▶ [WORK ORDER]: Scan the data for "Sanborn" and copy each matching line.
____ DATA SUPPLIED
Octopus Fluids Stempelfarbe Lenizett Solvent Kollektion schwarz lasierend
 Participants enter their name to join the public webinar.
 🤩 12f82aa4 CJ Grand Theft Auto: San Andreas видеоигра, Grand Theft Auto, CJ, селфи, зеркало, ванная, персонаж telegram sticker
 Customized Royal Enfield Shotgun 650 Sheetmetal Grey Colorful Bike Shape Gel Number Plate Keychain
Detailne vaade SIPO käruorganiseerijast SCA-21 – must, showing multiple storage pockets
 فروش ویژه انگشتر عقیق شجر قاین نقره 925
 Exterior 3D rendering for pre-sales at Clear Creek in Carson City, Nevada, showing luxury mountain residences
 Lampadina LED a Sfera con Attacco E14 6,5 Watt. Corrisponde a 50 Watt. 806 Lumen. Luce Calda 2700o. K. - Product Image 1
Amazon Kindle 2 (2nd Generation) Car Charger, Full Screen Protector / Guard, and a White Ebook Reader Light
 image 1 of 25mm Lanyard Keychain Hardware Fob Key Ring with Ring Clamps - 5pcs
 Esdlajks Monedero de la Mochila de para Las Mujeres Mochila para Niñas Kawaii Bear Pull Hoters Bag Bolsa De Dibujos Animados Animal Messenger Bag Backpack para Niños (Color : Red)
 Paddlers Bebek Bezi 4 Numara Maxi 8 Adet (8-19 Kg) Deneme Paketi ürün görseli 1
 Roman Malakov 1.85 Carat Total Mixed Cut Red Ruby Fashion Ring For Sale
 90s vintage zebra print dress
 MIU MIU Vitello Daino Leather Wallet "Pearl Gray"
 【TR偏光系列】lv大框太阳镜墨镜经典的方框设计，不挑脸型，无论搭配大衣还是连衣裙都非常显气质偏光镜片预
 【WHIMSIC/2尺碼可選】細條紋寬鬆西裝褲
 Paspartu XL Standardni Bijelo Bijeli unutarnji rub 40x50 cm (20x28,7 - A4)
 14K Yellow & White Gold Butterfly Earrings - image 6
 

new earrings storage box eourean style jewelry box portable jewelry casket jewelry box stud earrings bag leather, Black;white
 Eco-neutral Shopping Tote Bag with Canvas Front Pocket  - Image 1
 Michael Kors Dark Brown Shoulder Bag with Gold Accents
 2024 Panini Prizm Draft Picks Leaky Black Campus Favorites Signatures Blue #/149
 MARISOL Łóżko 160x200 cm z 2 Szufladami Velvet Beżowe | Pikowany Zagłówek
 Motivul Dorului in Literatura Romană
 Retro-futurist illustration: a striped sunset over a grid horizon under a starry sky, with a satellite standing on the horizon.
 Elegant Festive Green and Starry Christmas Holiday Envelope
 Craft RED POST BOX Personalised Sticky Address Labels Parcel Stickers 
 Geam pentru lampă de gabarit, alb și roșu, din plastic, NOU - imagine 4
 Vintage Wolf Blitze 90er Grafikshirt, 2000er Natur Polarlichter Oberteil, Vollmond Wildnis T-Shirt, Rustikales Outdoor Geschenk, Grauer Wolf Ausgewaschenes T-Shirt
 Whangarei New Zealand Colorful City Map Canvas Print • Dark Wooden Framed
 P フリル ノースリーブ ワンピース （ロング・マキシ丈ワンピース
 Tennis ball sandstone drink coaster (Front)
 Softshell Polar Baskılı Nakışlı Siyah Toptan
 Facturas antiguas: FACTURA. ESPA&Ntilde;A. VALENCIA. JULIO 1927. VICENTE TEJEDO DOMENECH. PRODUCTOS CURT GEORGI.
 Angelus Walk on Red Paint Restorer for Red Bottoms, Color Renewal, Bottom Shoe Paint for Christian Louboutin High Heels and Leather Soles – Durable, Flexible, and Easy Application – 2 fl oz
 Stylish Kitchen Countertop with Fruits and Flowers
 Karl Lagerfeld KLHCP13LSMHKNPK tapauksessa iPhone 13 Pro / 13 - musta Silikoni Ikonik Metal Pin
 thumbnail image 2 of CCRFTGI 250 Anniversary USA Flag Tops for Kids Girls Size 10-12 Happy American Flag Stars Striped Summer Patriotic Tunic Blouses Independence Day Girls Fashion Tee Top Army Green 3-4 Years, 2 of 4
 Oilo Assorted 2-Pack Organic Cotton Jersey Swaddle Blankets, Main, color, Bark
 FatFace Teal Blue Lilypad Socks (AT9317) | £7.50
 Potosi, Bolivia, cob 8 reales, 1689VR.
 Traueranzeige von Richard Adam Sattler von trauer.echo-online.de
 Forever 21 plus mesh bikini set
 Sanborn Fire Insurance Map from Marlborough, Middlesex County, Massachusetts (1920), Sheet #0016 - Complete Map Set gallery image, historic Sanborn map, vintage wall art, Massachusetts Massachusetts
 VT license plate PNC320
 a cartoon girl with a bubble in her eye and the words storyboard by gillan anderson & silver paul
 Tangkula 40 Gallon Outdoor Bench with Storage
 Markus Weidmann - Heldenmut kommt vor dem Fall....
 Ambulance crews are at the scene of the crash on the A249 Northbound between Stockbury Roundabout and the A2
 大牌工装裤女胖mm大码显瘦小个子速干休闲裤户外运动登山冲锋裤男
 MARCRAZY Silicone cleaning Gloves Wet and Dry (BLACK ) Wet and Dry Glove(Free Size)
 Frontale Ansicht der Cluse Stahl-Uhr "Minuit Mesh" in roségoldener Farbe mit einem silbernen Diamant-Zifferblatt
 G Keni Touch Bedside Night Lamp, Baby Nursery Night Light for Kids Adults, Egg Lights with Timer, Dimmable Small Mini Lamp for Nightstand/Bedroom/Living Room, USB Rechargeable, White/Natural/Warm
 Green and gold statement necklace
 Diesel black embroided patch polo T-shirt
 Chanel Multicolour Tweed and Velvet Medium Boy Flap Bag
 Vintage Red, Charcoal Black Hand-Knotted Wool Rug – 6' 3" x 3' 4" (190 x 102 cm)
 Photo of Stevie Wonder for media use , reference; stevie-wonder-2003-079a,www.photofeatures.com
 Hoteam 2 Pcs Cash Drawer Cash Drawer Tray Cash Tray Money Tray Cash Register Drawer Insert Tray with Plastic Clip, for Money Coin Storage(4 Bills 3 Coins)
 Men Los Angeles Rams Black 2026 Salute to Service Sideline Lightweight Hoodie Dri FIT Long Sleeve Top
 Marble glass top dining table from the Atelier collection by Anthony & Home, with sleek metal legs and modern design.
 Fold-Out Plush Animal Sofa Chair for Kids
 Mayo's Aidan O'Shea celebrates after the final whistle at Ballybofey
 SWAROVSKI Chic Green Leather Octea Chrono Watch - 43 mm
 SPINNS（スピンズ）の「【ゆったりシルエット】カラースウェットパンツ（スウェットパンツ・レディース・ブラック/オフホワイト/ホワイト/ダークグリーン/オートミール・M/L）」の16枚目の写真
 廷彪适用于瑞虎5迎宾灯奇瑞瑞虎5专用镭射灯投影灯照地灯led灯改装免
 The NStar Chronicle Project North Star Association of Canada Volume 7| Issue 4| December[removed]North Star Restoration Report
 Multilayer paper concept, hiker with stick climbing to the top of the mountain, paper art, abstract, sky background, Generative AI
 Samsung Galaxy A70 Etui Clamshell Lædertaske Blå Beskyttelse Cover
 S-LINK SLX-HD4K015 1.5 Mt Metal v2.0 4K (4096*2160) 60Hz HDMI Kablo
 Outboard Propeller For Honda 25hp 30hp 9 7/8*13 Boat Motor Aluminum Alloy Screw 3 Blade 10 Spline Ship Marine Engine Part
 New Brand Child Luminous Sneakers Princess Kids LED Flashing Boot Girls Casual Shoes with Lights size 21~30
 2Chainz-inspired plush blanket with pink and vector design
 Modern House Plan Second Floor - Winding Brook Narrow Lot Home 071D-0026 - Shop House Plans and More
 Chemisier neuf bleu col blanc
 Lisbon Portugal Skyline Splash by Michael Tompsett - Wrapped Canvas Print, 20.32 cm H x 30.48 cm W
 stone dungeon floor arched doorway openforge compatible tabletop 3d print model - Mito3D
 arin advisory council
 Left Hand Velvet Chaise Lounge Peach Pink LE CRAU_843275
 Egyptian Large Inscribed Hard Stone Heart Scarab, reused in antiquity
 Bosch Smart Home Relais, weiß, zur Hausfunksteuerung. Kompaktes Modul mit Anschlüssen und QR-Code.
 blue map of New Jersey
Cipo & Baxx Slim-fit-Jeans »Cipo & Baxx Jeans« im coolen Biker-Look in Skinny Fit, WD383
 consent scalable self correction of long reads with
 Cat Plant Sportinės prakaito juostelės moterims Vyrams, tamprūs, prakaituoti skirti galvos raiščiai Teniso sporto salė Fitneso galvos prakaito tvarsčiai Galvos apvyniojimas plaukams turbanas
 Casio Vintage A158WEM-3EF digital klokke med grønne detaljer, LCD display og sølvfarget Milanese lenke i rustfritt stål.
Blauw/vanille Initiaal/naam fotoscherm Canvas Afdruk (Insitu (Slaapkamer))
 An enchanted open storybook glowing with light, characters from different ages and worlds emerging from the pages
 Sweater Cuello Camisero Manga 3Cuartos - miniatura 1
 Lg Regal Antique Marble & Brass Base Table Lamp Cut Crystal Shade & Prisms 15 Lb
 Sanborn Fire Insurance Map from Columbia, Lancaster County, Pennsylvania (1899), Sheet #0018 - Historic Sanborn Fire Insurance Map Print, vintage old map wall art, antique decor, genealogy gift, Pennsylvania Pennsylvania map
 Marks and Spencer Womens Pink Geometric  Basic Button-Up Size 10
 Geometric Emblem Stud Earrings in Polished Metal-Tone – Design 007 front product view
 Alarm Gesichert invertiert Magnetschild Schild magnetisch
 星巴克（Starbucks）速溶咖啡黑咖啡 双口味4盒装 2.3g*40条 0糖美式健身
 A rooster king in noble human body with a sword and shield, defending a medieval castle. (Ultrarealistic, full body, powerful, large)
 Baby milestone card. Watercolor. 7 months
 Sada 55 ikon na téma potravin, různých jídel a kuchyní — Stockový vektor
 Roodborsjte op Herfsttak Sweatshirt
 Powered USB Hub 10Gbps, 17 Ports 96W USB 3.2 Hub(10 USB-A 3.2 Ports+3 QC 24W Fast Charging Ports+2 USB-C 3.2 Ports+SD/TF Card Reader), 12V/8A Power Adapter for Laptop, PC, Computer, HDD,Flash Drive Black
________
▶ [RESULT FOR THIS TASK]:
 Sanborn Fire Insurance Map from Marlborough, Middlesex County, Massachusetts (1920), Sheet #0016 - Complete Map Set gallery image, historic Sanborn map, vintage wall art, Massachusetts Massachusetts
 Sanborn Fire Insurance Map from Columbia, Lancaster County, Pennsylvania (1899), Sheet #0018 - Historic Sanborn Fire Insurance Map Print, vintage old map wall art, antique decor, genealogy gift, Pennsylvania Pennsylvania map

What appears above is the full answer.